LITTLE ROCK AIR FORCE BASE, Ark. — Airmen who come here to learn how to fly C-130s may one day receive iPod touch devices with interactive software designed to acquaint them with the aircraft as they progress through their studies.
Just as training technologies for the newest fighter jets are going digital, so are those for one of the Air Force’s oldest airplanes, the C-130 Hercules.
The use of iPods would mark a dramatic shift in the way the Air Force has traditionally prepared combat airlift crews for service. By incorporating more multimedia into training, it is addressing the needs of young airmen who learn differently than past generations.
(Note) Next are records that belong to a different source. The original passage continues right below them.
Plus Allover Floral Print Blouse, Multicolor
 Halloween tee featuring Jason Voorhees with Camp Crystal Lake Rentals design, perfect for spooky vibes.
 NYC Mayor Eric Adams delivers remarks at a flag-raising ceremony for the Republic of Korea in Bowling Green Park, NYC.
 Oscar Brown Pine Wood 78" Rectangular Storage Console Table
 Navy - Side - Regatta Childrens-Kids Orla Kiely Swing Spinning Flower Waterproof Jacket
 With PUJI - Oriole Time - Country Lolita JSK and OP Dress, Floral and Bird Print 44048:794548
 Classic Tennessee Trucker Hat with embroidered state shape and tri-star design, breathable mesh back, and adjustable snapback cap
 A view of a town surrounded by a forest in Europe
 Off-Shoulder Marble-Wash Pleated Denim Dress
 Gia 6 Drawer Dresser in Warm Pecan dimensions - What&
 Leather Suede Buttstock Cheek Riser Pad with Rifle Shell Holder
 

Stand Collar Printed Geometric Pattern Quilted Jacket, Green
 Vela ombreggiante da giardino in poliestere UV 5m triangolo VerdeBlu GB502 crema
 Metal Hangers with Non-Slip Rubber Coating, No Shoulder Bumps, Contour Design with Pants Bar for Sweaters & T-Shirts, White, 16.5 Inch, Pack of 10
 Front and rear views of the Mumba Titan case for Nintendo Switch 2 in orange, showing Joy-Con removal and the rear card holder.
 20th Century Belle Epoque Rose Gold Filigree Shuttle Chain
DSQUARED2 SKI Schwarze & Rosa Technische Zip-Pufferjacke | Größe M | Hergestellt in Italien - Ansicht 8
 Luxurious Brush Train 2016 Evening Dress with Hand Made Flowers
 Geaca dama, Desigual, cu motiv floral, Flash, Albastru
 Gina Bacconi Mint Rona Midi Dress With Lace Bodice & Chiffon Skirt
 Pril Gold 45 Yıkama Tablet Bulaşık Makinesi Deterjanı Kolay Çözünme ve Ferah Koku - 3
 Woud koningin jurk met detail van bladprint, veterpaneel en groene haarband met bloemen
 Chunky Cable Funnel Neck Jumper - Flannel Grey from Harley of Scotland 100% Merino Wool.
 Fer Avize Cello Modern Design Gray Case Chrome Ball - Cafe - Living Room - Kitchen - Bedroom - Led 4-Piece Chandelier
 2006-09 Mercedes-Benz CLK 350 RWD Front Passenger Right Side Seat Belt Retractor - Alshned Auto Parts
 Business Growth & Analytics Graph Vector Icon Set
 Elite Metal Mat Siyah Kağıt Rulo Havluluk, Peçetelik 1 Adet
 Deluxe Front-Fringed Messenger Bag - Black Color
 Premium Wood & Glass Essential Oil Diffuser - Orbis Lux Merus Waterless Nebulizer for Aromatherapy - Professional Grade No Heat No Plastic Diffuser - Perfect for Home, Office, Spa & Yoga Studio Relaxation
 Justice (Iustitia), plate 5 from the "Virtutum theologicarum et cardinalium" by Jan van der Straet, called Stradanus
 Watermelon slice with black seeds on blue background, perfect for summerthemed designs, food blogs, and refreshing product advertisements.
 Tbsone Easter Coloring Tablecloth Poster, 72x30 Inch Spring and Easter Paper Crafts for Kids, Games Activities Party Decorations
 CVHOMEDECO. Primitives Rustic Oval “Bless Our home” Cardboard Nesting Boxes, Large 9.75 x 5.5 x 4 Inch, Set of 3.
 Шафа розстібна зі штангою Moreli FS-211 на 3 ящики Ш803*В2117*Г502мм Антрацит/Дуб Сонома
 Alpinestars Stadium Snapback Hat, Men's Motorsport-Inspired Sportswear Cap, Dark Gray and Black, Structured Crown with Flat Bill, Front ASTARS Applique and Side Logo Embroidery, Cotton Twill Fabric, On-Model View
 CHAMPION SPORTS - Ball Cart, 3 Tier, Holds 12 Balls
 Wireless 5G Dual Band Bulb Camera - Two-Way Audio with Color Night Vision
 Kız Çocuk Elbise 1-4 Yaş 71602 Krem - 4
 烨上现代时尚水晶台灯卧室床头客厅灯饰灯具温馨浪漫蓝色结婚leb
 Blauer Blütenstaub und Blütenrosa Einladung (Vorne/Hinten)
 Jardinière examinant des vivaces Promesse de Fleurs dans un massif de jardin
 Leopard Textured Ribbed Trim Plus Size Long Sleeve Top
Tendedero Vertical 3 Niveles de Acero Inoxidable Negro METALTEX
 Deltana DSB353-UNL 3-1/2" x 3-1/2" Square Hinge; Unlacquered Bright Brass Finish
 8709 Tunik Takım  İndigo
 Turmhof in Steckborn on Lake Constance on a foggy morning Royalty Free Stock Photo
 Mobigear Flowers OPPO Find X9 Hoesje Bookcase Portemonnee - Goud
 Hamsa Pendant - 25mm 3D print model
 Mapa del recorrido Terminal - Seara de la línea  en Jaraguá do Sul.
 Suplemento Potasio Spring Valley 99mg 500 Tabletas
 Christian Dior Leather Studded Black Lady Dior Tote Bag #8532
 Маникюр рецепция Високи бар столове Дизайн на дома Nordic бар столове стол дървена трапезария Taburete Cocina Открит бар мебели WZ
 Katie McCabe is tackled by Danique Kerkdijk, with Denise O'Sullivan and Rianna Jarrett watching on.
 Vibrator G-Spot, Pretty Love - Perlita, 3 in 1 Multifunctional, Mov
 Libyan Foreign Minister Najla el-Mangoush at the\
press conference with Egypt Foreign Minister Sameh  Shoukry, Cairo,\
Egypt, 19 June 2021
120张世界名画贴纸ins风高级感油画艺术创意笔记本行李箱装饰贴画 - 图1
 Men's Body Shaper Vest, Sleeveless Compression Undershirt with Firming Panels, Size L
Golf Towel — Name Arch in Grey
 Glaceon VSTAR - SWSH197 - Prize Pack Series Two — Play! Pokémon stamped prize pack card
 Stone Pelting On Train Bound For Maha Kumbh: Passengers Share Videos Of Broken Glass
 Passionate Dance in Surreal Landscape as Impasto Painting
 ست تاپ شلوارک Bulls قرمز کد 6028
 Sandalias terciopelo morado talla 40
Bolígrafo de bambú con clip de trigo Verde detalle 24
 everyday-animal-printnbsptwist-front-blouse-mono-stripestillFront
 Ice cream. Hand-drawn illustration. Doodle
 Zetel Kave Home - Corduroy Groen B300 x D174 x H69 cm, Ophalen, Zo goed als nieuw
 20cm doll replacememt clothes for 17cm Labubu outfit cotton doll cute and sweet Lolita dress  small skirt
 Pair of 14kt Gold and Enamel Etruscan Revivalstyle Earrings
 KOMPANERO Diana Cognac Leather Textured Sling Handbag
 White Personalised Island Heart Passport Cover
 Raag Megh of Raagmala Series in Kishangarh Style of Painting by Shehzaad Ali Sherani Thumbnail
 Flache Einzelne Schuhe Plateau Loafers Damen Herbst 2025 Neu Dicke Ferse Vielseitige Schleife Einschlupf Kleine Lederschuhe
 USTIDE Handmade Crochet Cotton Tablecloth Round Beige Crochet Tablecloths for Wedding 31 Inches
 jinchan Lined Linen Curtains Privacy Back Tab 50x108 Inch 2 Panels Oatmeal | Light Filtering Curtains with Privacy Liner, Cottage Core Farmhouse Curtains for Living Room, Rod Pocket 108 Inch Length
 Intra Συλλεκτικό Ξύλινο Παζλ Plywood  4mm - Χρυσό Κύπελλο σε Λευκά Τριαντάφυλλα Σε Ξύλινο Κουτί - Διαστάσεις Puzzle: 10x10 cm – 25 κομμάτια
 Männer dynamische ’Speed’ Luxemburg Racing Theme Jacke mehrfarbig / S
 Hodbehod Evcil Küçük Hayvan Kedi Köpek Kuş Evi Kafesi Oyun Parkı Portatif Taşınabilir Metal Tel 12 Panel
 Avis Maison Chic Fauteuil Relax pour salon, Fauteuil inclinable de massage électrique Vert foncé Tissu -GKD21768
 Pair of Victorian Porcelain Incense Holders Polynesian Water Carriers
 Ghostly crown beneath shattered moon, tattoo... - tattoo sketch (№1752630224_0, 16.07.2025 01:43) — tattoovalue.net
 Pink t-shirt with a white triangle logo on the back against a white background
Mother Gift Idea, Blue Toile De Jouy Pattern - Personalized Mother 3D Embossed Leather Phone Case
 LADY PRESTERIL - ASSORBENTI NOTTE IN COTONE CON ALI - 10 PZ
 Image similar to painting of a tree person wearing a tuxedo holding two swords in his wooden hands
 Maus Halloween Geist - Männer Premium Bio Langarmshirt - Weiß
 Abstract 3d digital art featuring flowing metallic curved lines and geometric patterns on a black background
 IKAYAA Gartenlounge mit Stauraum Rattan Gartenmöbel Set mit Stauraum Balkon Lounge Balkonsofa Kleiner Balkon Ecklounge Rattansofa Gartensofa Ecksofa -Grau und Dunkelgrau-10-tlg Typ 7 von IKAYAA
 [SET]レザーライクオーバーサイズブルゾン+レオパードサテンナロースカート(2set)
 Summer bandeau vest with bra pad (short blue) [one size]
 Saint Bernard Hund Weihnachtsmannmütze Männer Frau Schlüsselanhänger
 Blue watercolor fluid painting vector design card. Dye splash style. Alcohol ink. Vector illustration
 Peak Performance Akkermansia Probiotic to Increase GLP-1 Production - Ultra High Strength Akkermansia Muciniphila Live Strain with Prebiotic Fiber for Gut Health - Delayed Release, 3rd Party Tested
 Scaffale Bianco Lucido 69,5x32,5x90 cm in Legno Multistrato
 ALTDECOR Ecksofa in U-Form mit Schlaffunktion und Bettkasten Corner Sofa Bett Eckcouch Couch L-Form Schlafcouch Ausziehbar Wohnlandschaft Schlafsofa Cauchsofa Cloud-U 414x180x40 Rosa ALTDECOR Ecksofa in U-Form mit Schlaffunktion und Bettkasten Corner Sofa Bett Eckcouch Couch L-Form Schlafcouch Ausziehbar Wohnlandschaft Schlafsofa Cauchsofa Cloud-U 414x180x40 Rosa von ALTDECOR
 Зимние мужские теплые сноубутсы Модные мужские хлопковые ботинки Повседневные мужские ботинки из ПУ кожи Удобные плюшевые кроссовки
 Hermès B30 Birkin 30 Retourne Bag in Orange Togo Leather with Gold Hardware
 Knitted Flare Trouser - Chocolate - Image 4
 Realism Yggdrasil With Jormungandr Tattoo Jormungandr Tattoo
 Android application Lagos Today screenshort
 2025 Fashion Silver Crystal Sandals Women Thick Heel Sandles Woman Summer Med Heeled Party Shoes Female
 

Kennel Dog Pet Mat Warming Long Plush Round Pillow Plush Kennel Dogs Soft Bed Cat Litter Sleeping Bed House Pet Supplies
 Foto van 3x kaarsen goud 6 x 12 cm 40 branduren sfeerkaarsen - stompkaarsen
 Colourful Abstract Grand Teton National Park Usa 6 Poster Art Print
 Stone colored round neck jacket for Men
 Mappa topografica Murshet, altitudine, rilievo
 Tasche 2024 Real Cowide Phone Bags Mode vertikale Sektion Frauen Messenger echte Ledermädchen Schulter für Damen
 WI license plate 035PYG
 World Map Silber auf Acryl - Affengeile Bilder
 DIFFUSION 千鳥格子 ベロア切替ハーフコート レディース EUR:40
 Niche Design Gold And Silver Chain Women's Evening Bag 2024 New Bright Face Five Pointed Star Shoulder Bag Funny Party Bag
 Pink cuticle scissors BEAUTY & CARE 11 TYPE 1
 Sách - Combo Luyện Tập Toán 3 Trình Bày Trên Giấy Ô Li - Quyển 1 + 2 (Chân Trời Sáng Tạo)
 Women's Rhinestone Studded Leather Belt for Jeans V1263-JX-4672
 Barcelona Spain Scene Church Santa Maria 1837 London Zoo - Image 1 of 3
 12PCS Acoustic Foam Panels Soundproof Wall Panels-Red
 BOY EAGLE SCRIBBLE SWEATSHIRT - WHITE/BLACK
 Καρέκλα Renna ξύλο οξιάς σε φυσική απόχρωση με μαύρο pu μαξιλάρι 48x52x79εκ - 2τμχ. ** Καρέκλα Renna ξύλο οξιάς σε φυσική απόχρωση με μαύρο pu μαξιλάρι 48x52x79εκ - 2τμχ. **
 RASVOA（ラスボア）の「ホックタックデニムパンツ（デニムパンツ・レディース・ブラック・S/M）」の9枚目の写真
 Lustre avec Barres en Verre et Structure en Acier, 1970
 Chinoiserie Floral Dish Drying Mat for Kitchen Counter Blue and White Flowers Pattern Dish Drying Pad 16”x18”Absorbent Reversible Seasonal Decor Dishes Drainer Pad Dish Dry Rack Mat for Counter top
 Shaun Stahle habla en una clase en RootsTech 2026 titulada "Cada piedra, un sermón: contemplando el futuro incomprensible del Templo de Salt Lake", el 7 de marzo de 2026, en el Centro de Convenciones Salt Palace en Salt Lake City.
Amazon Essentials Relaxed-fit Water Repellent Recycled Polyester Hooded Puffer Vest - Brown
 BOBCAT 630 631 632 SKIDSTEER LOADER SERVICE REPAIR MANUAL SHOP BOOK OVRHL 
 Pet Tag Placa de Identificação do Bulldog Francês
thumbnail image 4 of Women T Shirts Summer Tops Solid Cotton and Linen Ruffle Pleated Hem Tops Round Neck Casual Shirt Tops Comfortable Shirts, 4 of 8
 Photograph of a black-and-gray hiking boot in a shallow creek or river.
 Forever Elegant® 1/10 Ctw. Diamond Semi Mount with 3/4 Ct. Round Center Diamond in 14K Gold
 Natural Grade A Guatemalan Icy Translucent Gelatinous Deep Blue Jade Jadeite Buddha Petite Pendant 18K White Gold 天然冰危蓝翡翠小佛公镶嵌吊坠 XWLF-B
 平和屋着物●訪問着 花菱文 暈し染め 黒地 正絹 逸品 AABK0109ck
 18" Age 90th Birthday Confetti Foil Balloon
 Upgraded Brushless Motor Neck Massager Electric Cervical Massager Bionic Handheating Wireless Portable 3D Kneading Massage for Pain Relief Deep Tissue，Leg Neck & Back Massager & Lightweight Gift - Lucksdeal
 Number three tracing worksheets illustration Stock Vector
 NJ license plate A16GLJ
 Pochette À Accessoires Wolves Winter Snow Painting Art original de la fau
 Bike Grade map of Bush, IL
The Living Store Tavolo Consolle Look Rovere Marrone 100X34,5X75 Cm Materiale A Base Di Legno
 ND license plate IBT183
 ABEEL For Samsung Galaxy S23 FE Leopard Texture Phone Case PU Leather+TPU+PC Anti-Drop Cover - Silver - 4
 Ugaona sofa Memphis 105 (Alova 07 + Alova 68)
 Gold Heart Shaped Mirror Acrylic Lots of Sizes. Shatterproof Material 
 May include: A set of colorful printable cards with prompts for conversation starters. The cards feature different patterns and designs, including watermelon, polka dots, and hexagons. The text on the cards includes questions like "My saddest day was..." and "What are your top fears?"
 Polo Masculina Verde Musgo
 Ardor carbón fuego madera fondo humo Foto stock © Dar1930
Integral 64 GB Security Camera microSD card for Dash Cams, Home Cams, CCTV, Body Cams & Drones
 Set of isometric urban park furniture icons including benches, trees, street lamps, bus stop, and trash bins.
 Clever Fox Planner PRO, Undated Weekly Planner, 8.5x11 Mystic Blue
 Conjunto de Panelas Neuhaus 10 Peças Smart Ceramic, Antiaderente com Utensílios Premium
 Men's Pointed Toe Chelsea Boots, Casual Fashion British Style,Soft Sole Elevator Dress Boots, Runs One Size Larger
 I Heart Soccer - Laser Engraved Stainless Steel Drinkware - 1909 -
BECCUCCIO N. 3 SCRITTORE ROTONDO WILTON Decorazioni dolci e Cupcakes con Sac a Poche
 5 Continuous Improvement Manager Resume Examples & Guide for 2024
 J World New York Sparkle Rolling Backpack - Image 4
“They’re not going to pull out a stack of books and go through them with a highlighter. That’s just not the way it’s done with them,” says Col. C.K. Hyde, commander of the 314th Airlift Wing, which trains all C-130 operators from the U.S. military, along with crews from 34 allied nations. The wing graduates about 1,800 airlifters a year and accommodates an average of 400 students daily.
In part because of fiscal and operational constraints — including fuel costs, budget shortfalls and a deficit of aircraft as a result of the wars and aging — the service is mandating that training hours be moved off of the flight line and into simulations and other computer-based trainers. The initiative, known as reduced flying for initial qualification, or RFIQ, is resulting in an annual savings of 3,600 flight hours and $17.1 million here at the C-130 Center of Excellence.
“This RFIQ initiative has changed the way we do training,” says Shane Evans, senior program manager of the C-130E training at Lockheed Martin Corp., which holds the contract for training airlift pilots, navigators, flight engineers and loadmasters.
Wing Commander Hyde, whose grandfather helped to build C-130 aircraft on the assembly line in Marietta, Ga., points out that the wing is still flying some of those early planes today. “They don’t have a lot of flying hours left in them, so we’re maximizing those flying hours on what’s really important that we need to be doing in the aircraft, and doing everything else in the sim and in the device trainers,” he says.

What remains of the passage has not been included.